1 billion dollars per year
This is the amount that, according to The Institute of International Finance (IIF), compliance can cost a financial institution. This figure illustrates how addressing regulatory requirements has become, in terms of cost and resources, one of the greatest burdens that financial institutions are bearing today, and it is becoming increasingly complex.
Moreover, the amount of data produced by financial institutions is increasing and regulators demand access to this information to improve their vision of systemic risk and of the behavior of the different agents involved in the financial ecosystem.
In this scenario, within the fintech ecosystem, a new breed of companies has emerged under an umbrella concept labelled regtech, that is, technology that helps banks comply with regulations in a more agile and efficient way. These startups offer technologies that ease compliance processes, making them more nimble and less costly. This allows incumbents to dedicate more resources to other activities such as innovation efforts.
According to a Cisco report, regtech is one of the ‘fintech’ areas that will have a bigger impact on the future of banking. In fact, after the wave of startups devoted to payments or online lending “in a sign that the fintech business is maturing into more sophisticated areas, “regtech” is among the fastest-growing areas,” wrote British newspaper The Financial Times in a recent article.
Many of these companies are proliferating as a result of new significant regulations such as Mifid II, facilitate activities in the rapidly expanding regulatory compliance departments or help address ever-tougher regulatory requirements relating to the recording of text and voice communications.
CB Insights estimates that, since 2013, private regtech companies have raised approximately $4.96 billion in equity funding deals across the globe, 18% in Europe. According to this same source, Europe has been a hotbed for early-stage regtech startups with a focus on solutions for the financial services industry. “This is not surprising considering the packed calendar for impending regulations in Europe that includes the Revised Payments Services Directive (PSD2), the revised Markets in Financial Instruments Directive (MiFID II), and the General Data Protection Regulation (GDPR), among others,” states CB Insights.
Three ways to alleviate the regulatory burden for banks
One key RegTech opportunity would be in solutions capable of extracting valuable insights from a high volume of structured and unstructured information in nearly real-time, streamlining regulatory reporting and speeding up the compliance processes.

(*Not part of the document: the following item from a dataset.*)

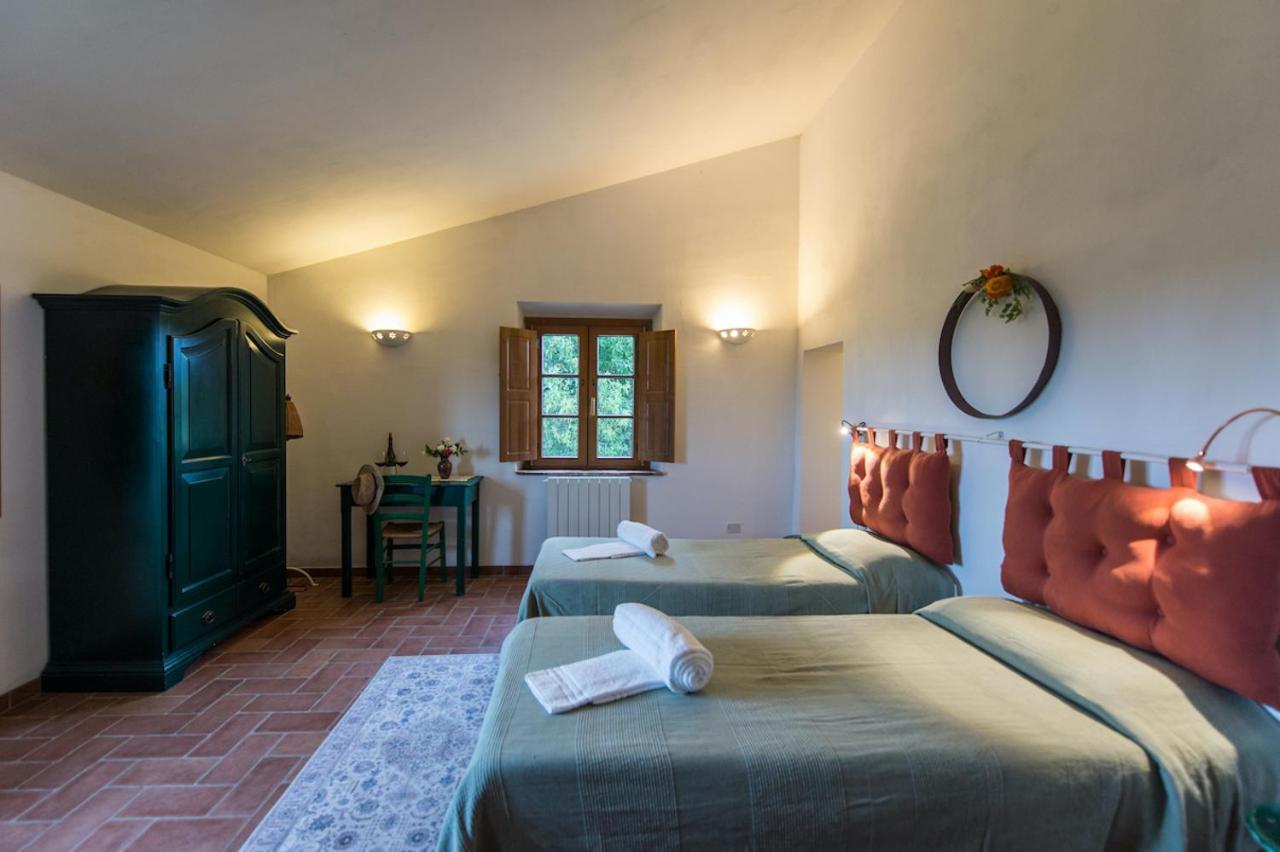 Agriturismo I Moricci Peccioli المظهر الخارجي الصورة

This technology applied to regulatory compliance also allows to facilitate and accelerate compliance of anti-money laundering regulations, as it provides improved and expanded ID mechanisms, such as those used to verify customer identities for example. This is the area known as KYC, or Know-Your-Client, which accounts for a large portion of the workload of compliance departments at financial institutions, as part of their money laundering prevention activities.
A third interesting (and more innovative) area of regtech that could highly increase efficiency and effectiveness would be the automatic interpretation of regulatory publications, so processes, areas, and systems affected by changes could be immediately identified.